# Exercise data

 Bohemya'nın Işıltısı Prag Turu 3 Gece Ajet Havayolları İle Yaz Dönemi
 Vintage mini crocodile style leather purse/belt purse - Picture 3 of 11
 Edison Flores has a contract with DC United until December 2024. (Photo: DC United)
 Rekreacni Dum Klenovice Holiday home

# Instructions to follow
Restate word for word every line from the one containing "Vintage mini crocodile" through the final line of the listing. Both end lines belong in the answer.

# Exercise output
 Vintage mini crocodile style leather purse/belt purse - Picture 3 of 11
 Edison Flores has a contract with DC United until December 2024. (Photo: DC United)
 Rekreacni Dum Klenovice Holiday home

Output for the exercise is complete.